Liverpool brands are bucking the fast fashion trend to produce sustainable and environmentally friendly clothes.  

Fast fashion has been crticised for creating an unsustainable model, often using inexpensive and low-quality designs sampled from the catwalk and celebrity trends that reach the shops at a rapid rate of production. This can lead to the quality of a product degrading after a few wears and people feeling as if their clothes are “out of trend”.

According to research conducted by Censuswide for Barnardo’s last year Brits were expected to spend £2.7 billion on fashion that will only be worn once. In addition WRAP UK, a charity fighting for sustainability, estimates that 350,000 tonnes of clothing ends with a value of £140million ends up in landfill in Britain each year.

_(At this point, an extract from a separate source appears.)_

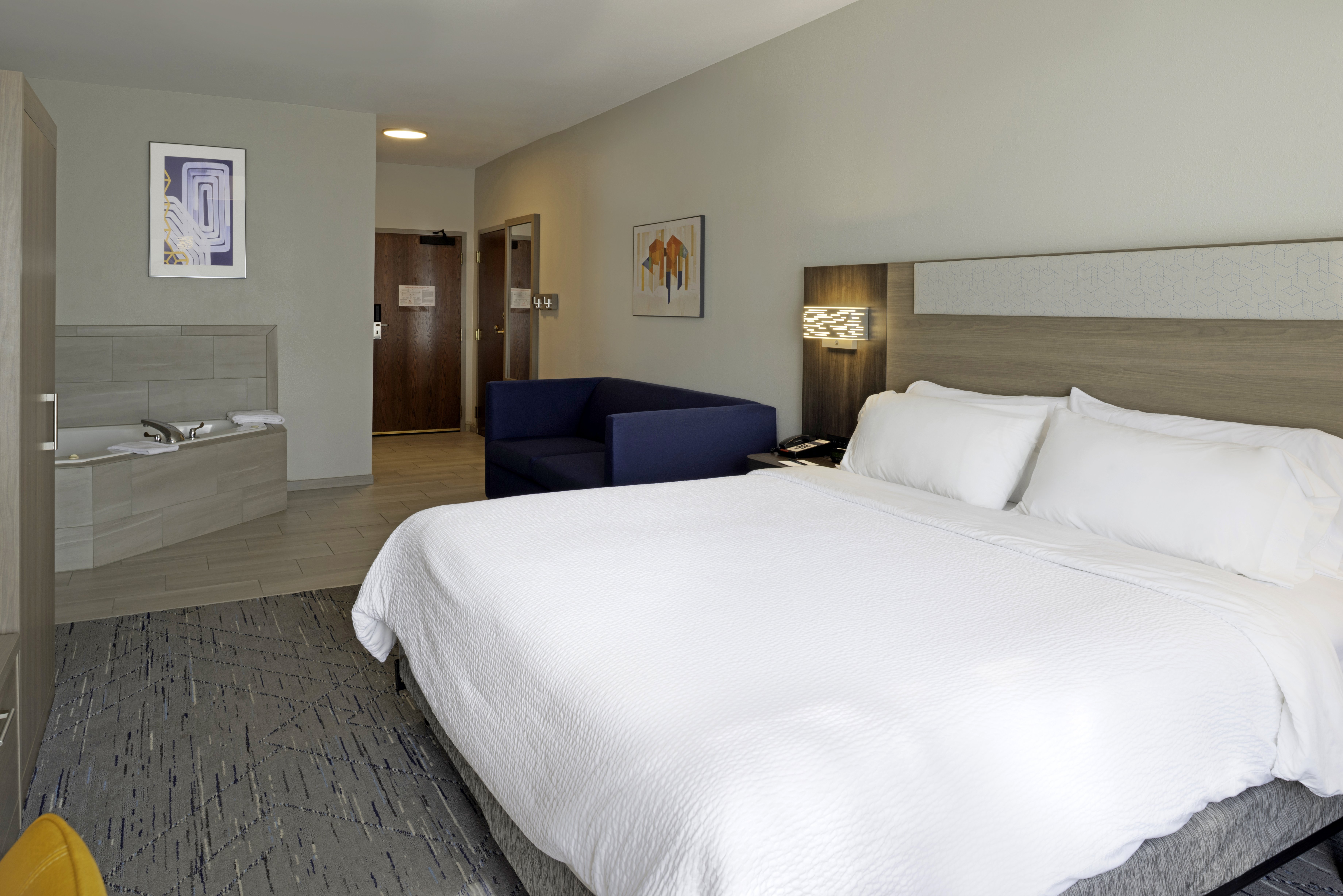 holiday inn express hotel and suites fort atkinson by ihg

Nature Climate Change claim textile production is one of the most polluting industries, producing 1.2 billion tonnes of greenhouse gas emissions annually which is more than international flights and maritime shipping produce combined.

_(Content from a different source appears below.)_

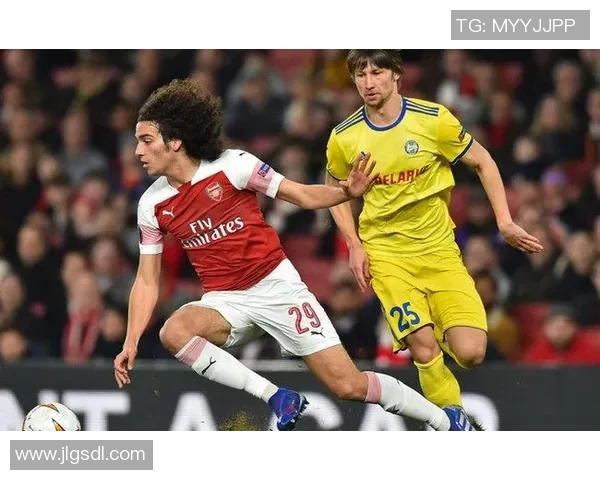 赛后分析：上海足球队与西安足球队的实力对决与战术较量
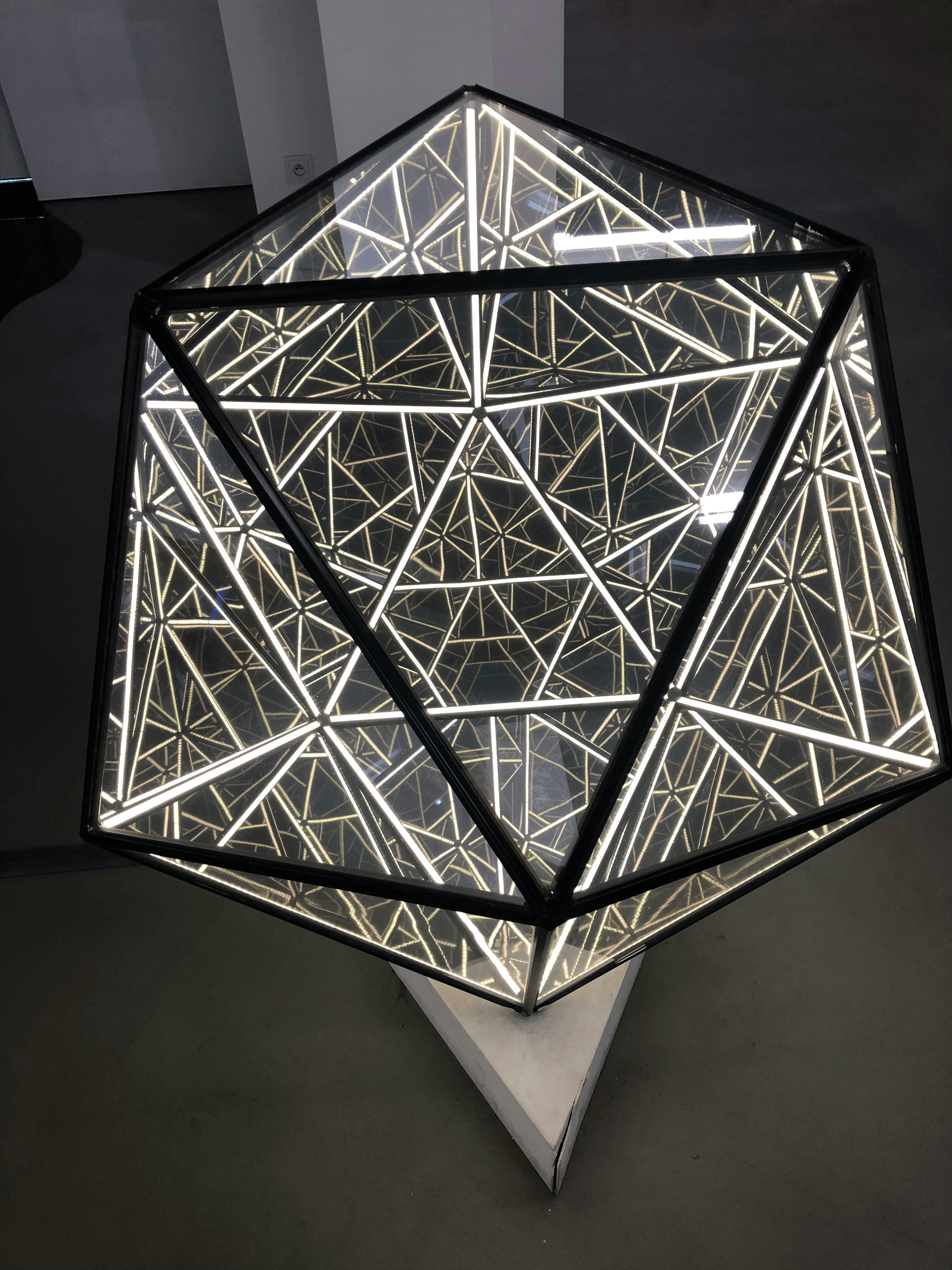 Creative and unique pendant light from Shinefuture - leading China light manufacturers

Sustainable fashion production in Merseyside is still in its early days with a small number of brands committed to reducing the environmental damage that fast fashion is having on the planet.

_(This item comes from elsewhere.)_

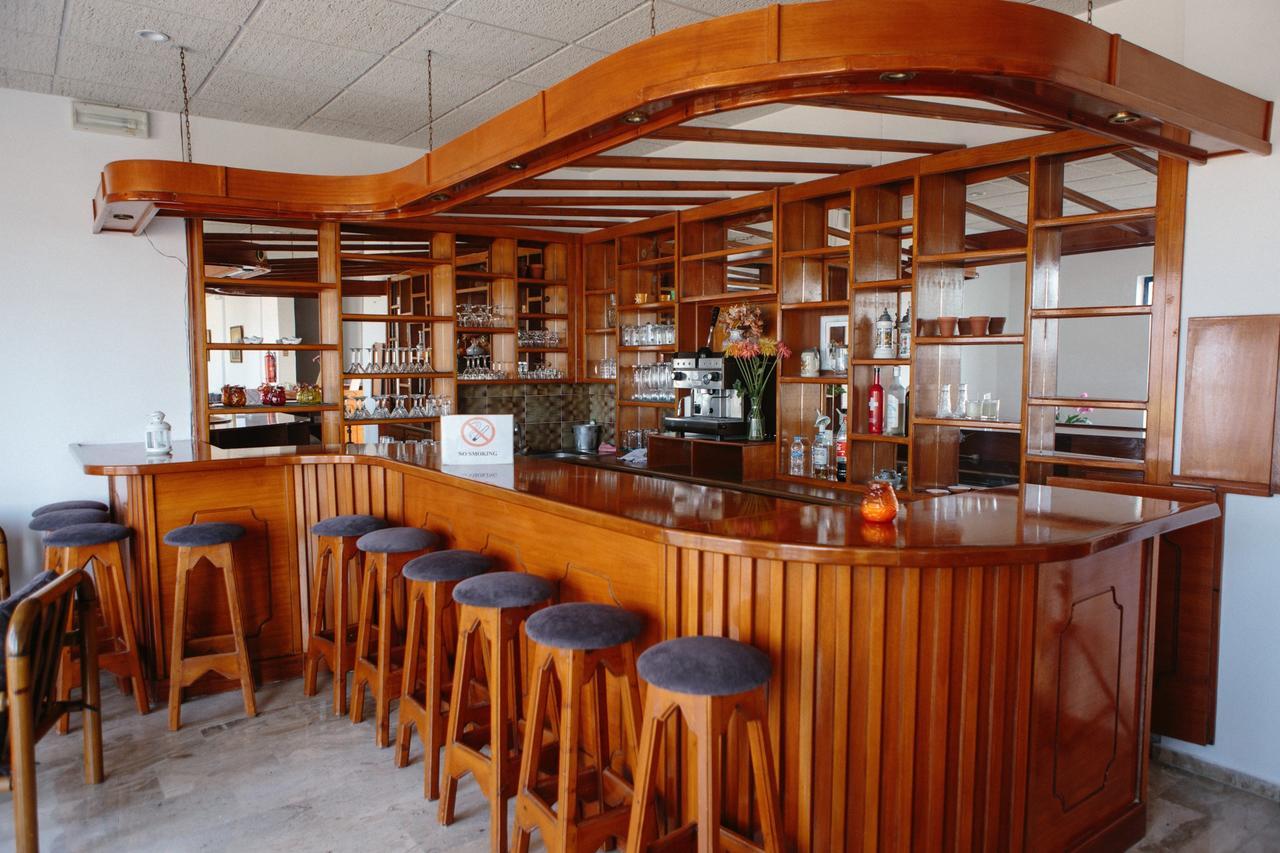Sea Breeze Hotel Мастрихари Екстериор снимка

Rhi Jones, the founder of Reins clothing, a sustainable children’s clothing brand in Liverpool, said: “We only use sustainable fabrics, mostly recycled plastic waste but also organic and recycled cotton too.

“We only use sustainable and environmentally friendly practices such as digital and water-based prints.  Although it may be to our detriment, we have decided on a slow fashion approach over a seasonal basis meaning we work on a collection to its completion.

“We’ll make to order in the future to reduce waste. We avoid sales and selling off of stock as we believe this devalues and perpetuates the throwaway mentality of the market.”

According to Wrap UK, extending the lifespan of a garment by nine extra months of active use would reduce carbon, water and waste footprints by around 20-30% each.

The current model that fast fashion brands are following is said to be unsustainable and celebrity endorsements of fast fashion brands are spreading the wrong message. 

Models Louise Roe, Lisa Snowdon, Vogue Williams and Sara Luxe for sustainable fashion brand Make Thread

Make Thread is a sustainable fashion brand based in Liverpool that produces designs only on demand and operates on a zero-waste production line.

Co-founder Katie Roche said: “We have always admired the likes of Stella McCartney and Vivienne Westwood, and newer brands like Ganni, who were implementing more of a sustainable approach, although, they aren’t fully sustainable.

“We looked at Copenhagen Fashion Week for inspiration which celebrates and drives sustainable brands.”